The contrasting X-Men Origins: Wolverine was terrible on almost every level. The script was leakier than Rab C Nesbitt’s semmit, and you have to use a lot of brainpower not to think about all the ways these people with superhuman powers could have solved their problems earlier.
The story was long and lumpy, which only frenetic action scenes can disguise. The editing was woeful. If you care about spoilers, jump to the end of this paragraph. But there is no good reason why Victor is seen climbing up the outside of the building in Africa because he does nothing up there. There is no good reason why Gambit being elbowed in the face should leave him running across the rooftops. But those scenes still happened, completely without context or explanation.
Even the individual scenes were so terribly cliched it’s hard to remember them without cringing. Surely Hugh Jackman’s got bored of cradling people in his arms and screaming at the sky?

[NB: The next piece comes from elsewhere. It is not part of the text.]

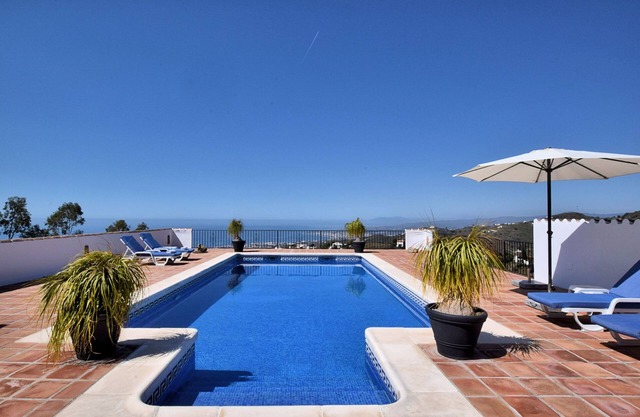Villa in Sayalonga with Private Pool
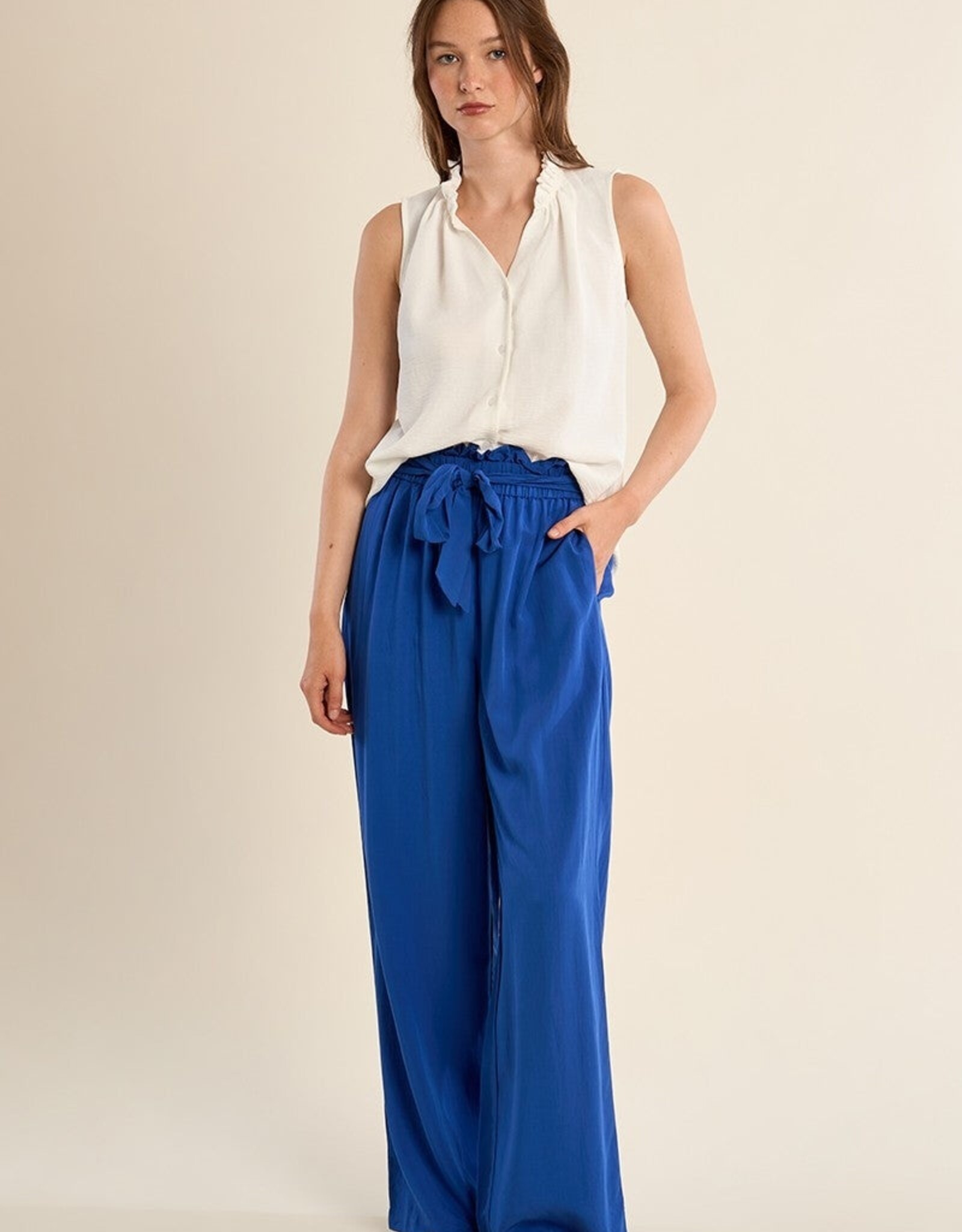 Molly Bracken Pleat Nk Sleeveless Blouse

The big secret about this movie is the two separate teaser endings. We didn’t know about them and left the cinema early (very unusual for us, and doubly irritating because of it). The two different prints are distributed randomly between cinemas and the idea is that you see the film twice to catch both endings. Either that or it’s an attempt to create interest in the pirated films, which will probably be available with both endings. Cos really, who’s going to see this dreck twice for the thirty seconds of extra footage?